:: YOUR GOAL ::
Nothing but the lines from the one containing "Gray travertine tray" to the final line of the entries should appear, copied exactly and without pictures.

Crawled caption data
····················
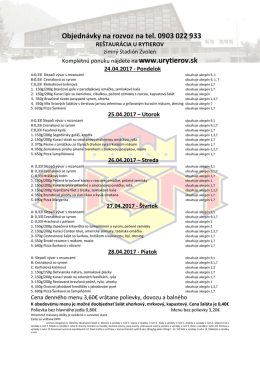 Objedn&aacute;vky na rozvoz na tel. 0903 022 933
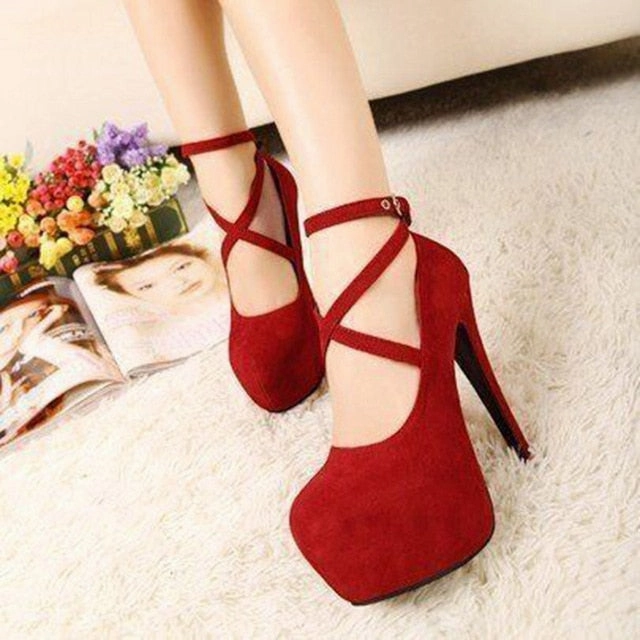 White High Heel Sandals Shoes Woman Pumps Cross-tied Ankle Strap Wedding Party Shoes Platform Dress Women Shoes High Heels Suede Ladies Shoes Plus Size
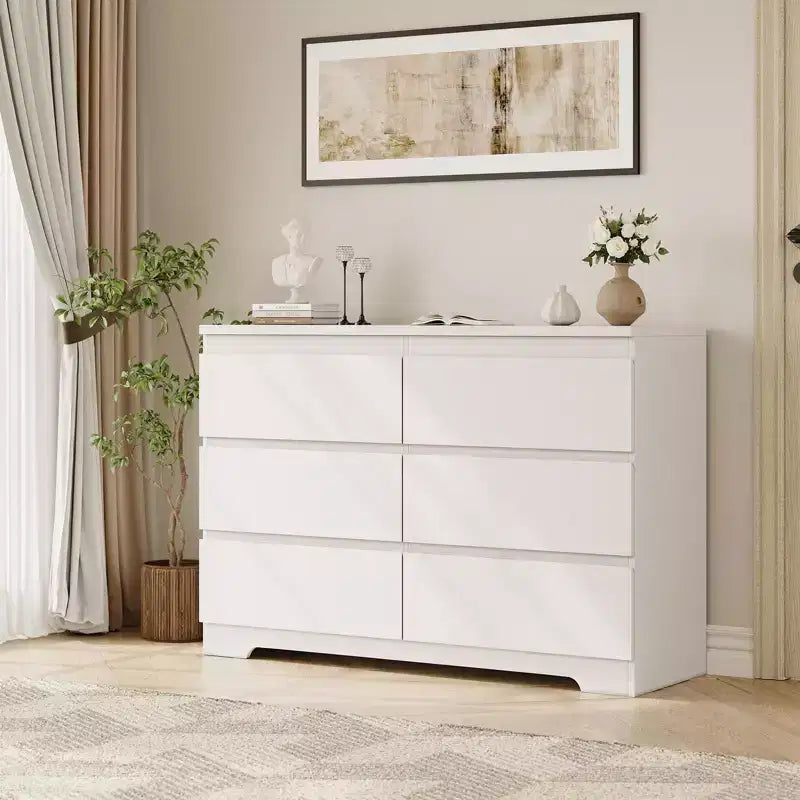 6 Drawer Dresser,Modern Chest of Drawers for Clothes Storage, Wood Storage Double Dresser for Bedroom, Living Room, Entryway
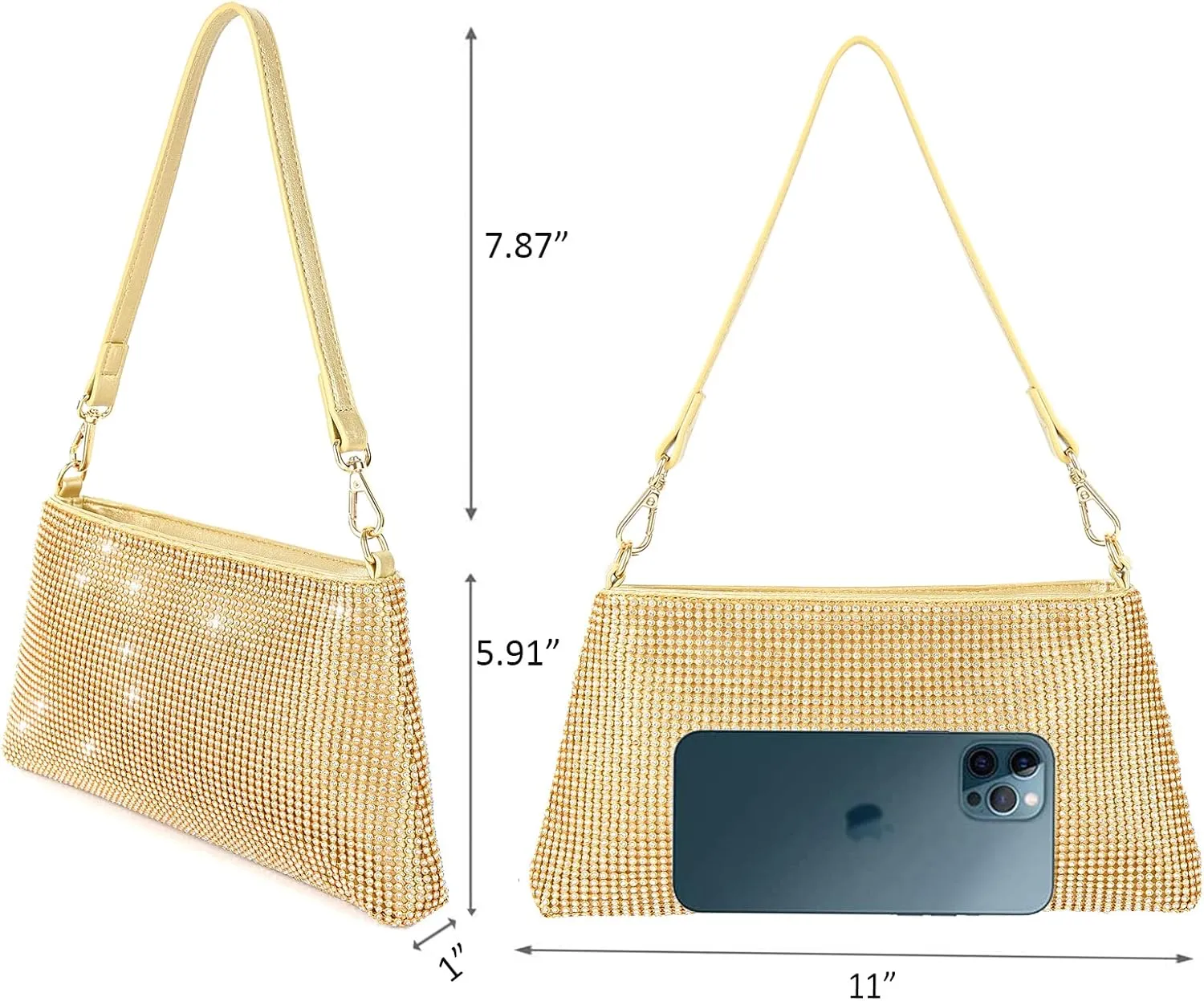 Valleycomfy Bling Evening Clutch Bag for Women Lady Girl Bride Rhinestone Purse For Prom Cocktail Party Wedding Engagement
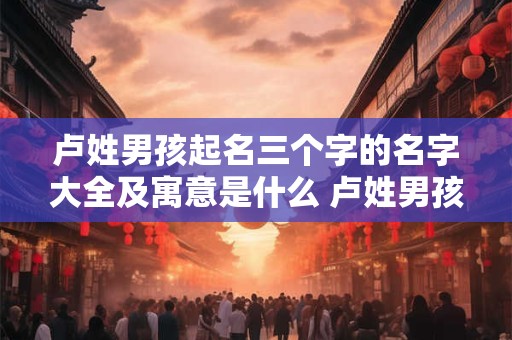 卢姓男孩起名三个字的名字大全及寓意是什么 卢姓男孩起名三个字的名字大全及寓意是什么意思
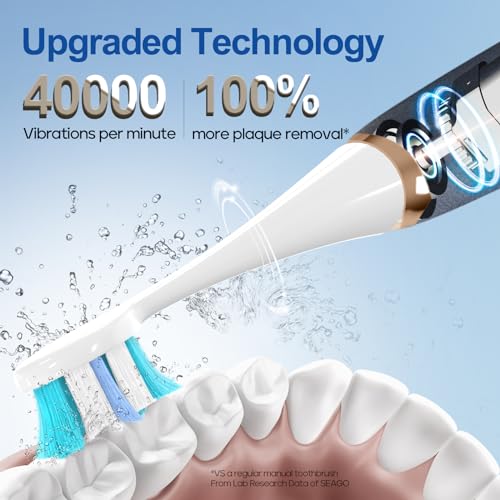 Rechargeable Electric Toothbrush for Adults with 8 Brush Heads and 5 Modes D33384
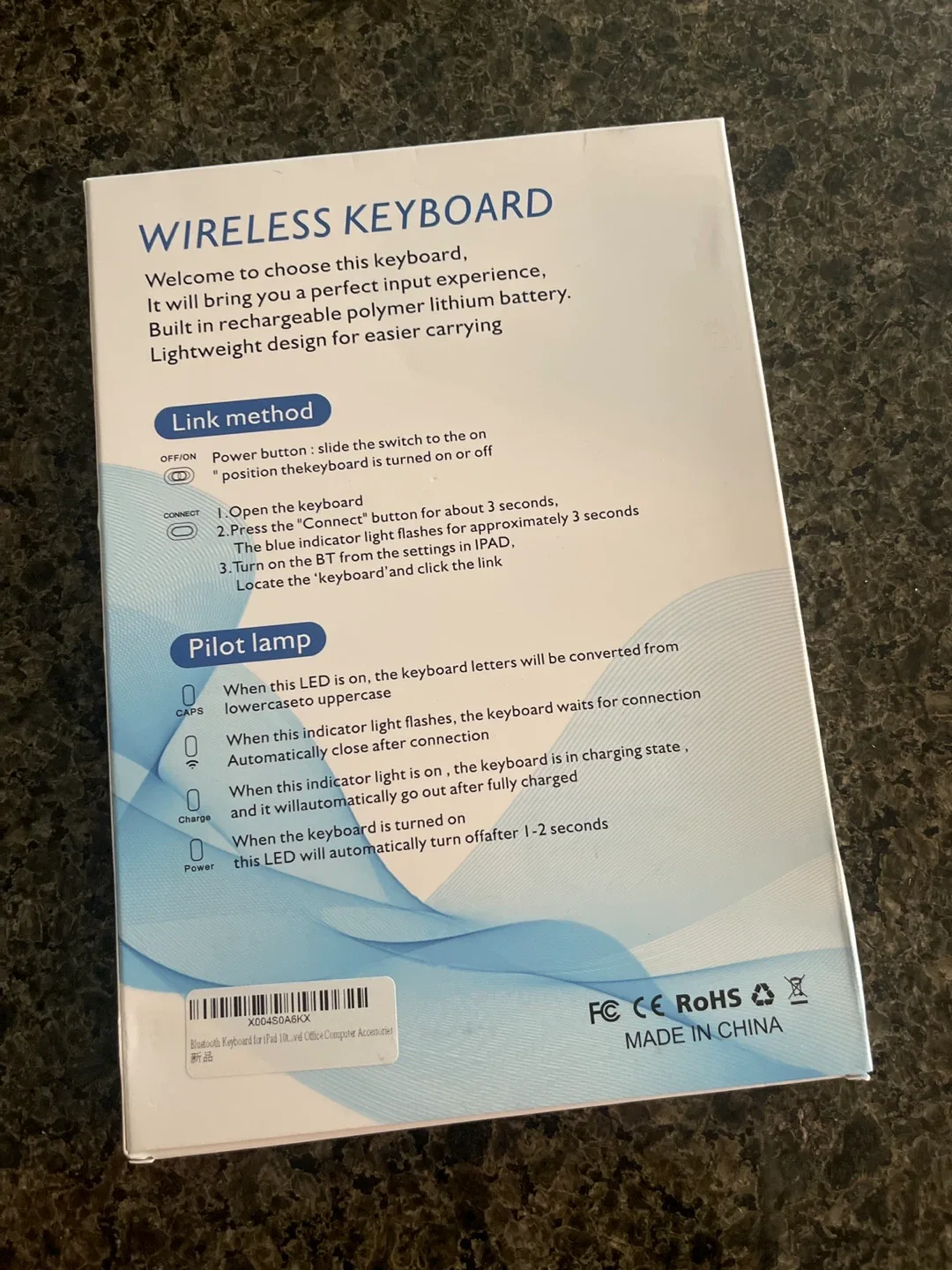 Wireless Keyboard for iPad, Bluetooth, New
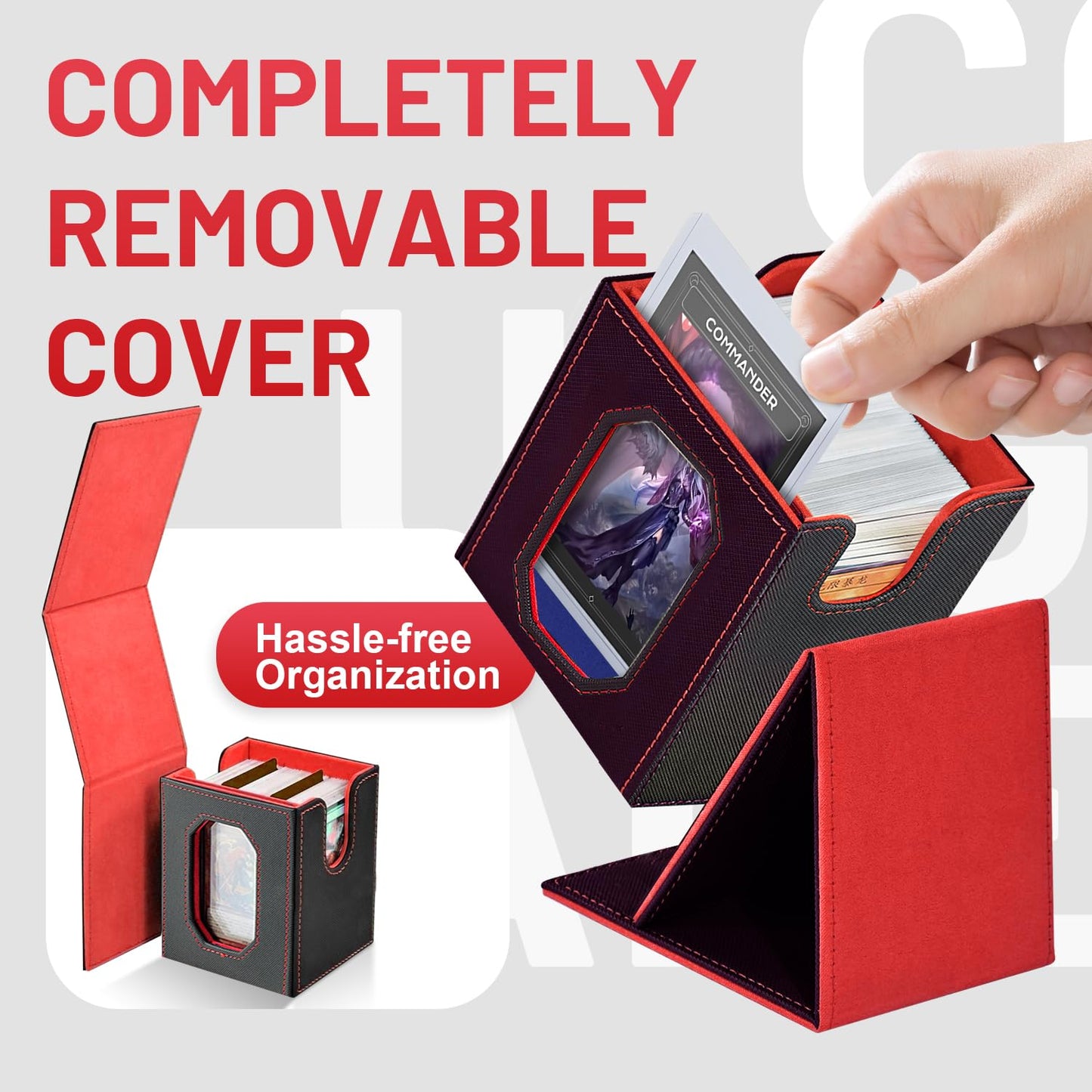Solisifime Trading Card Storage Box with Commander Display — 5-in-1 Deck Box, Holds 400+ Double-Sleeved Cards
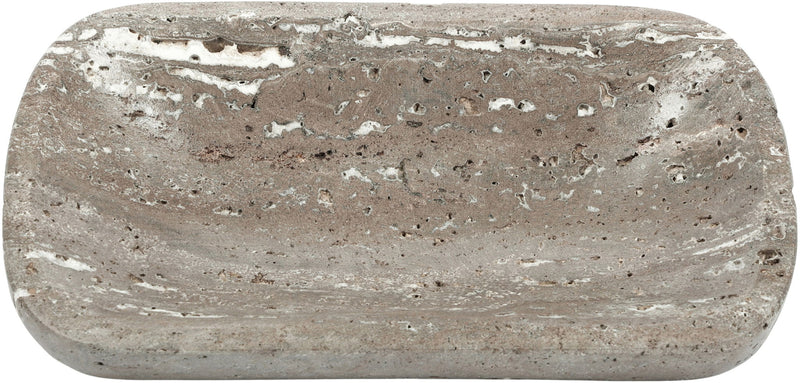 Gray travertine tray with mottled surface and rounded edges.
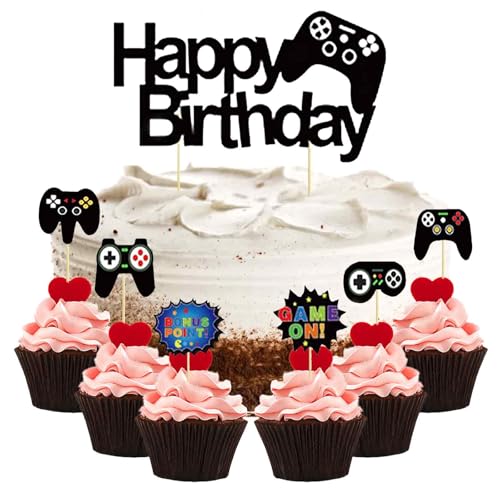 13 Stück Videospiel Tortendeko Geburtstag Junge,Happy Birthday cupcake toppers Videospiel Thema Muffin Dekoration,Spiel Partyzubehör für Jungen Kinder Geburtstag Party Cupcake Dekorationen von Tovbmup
····················
:: TASK SOLUTION ::
 Gray travertine tray with mottled surface and rounded edges.
 13 Stück Videospiel Tortendeko Geburtstag Junge,Happy Birthday cupcake toppers Videospiel Thema Muffin Dekoration,Spiel Partyzubehör für Jungen Kinder Geburtstag Party Cupcake Dekorationen von Tovbmup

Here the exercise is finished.